As president and managing director at McQuaide Blasko since July 2018, Sean Burke manages and oversees the delivery of multidisciplinary legal services for four offices within Central Pennsylvania. Based in the firm’s Blair County office, Burke represents closely held business entities with a focus on mergers, acquisitions, and land development. His primary specialty is in agricultural businesses, including farmers, cooperative associations, agricultural lenders, and agricultural equipment manufacturers. In addition, Burke provides counsel to business owners in succession and estate planning matters.

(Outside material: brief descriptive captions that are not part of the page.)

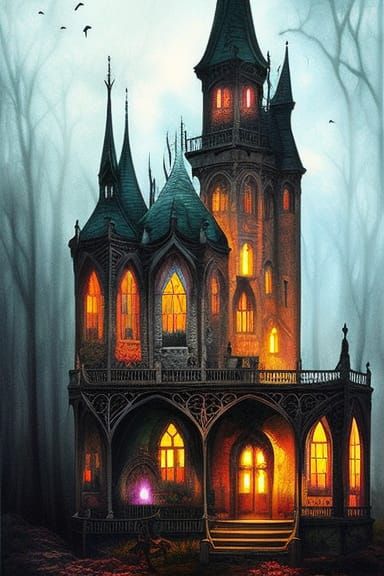 Detailed Gothic Castle on Mountain, Mixed Media Painting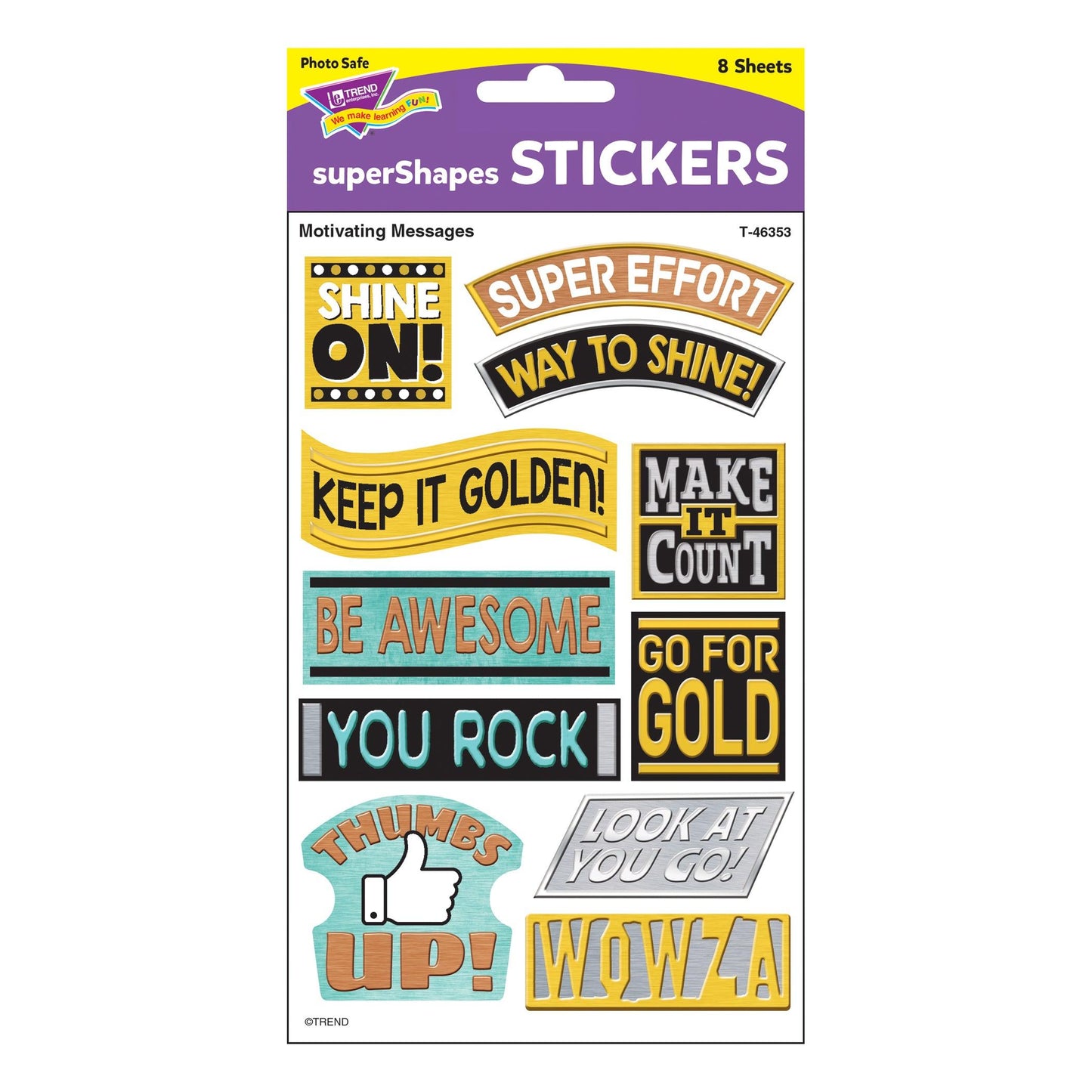 I ♥ Metal Motivating Messages superShapes Stickers - Large, 88 Per Pack, 6 Packs - Loomini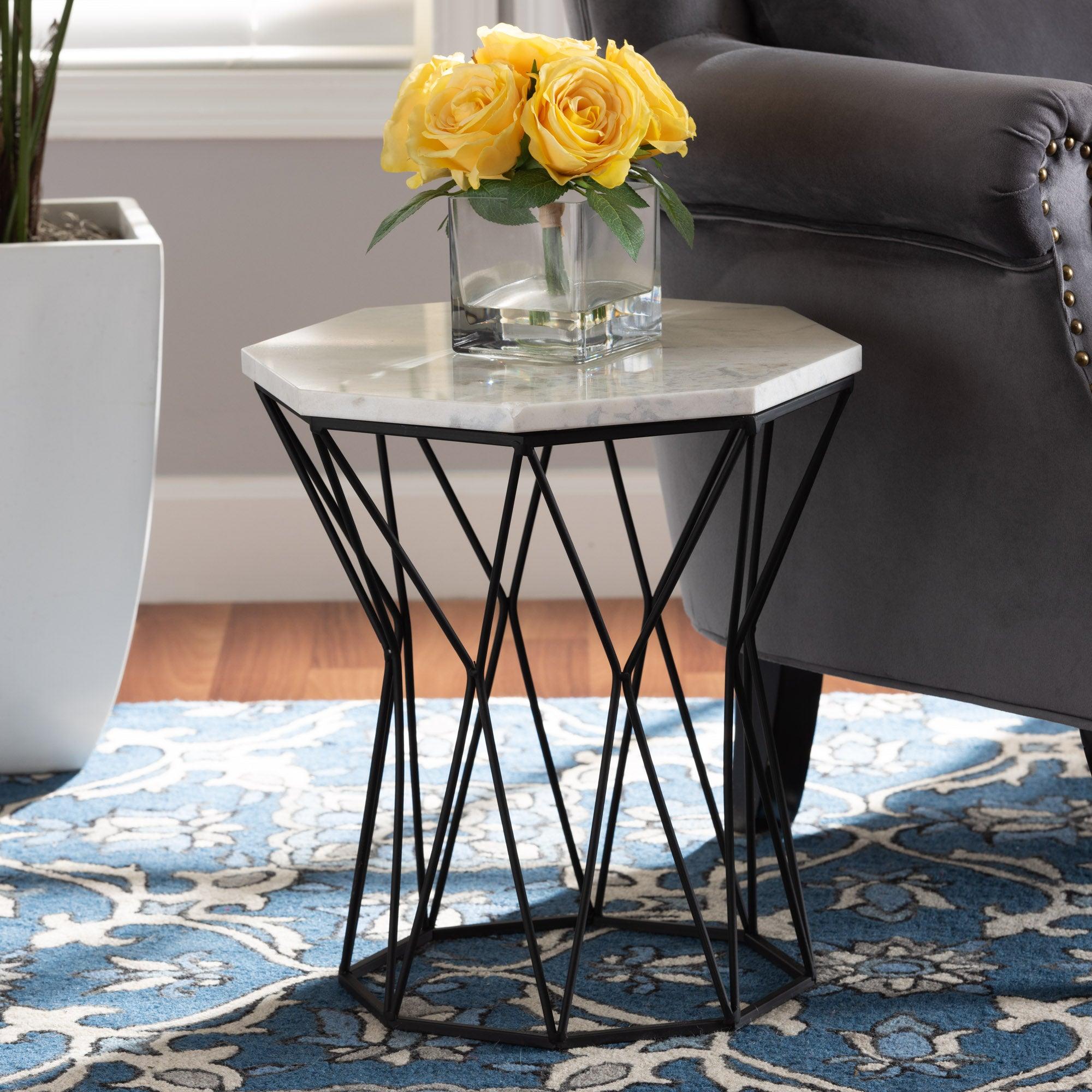 Venedict Modern and Contemporary Metal End Table with Marble Tabletop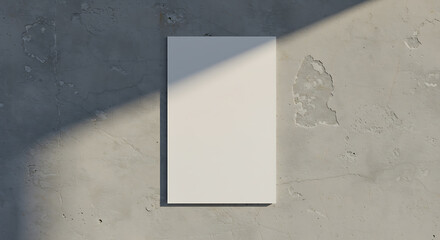 Wall Mural - blank white canvas on textured concrete wall with sunlight shadow, mockup template for displaying ar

Born and raised in Hollidaysburg, Pennsylvania, Burke joined McQuaide Blasko in 2005. He graduated cum laude from St. Vincent College in Latrobe with a Bachelor of Science degree in political science and economics in 2002. He earned his Juris Doctorate degree in 2005 from Washington University in St. Louis.

Burke currently serves as vice president on the Hollidaysburg Borough Council and his wife, Laura, is running for Blair County commissioner. Town&Gown founder Mimi Barash Coppersmith sat down with Burke at Federal Taphouse in State College to discuss McQuaide Blasko’s legacy in providing legal expertise in Centre, Blair, and Dauphin counties, meeting the evolving needs of their clients and the community.

Mimi: Welcome! You happen to be part of an organization with an unbelievable legacy. The founders of what is now McQuaide Blasko were prominent citizens in mostly Bellefonte in the beginning, the county seat. Love and Wilkinson were the names as far back as I can remember. And of course, I knew Roy Wilkinson very well. He handled a lot of issues for us in the early years of our business, and of course, was a great influence at Penn State, particularly during the Eisenhower presidency of Penn State. So, it is an organization that has had close ties in Centre County and Penn State for a long time. And now, it has branches in Blair County and in Hershey.

Sean: And in Williamsport.

Mimi: So, as a young new leader of the group, what made you do it?

Sean: I enjoy being out in front of things, and so I've always wanted to be leading our firm. I had been on the management committee before becoming managing shareholder. And having been in the branch office, there are leadership or management opportunities that present themselves probably a little bit more quickly than they would at a larger plant.

Mimi: Of course, they give you a different perspective as well.

Sean: They certainly do. We are fortunate in our branch offices to have the best of both worlds where you have that large law firm feel because of capabilities, facilities, and the breadth and depth of talent.

Mimi: And a reputation along the way.

Sean: Certainly. Having that available, but then having the small office feel, and the cats are perpetually away, so the mice may play in a branch office. That's been a nice juxtaposition for us. And it's allowed us to capitalize on providing sophisticated services and also providing that hometown feel and being rooted in the community. You're able to get sophisticated legal services from the law firm of the person who's coaching your son or daughter in soccer. There's a certain level of accountability and shared morals that our clients and business partners find to be desirable.

Mimi: It's my observation also that you take an active role in the community, that you're not all law and no play.

Sean: That's true. We encourage our attorneys to get involved in leadership programs that the counties provide, whether it be through Leadership Blair County or Leadership Centre County. Most McQuaide Blasko attorneys are a past president of a Rotary Club.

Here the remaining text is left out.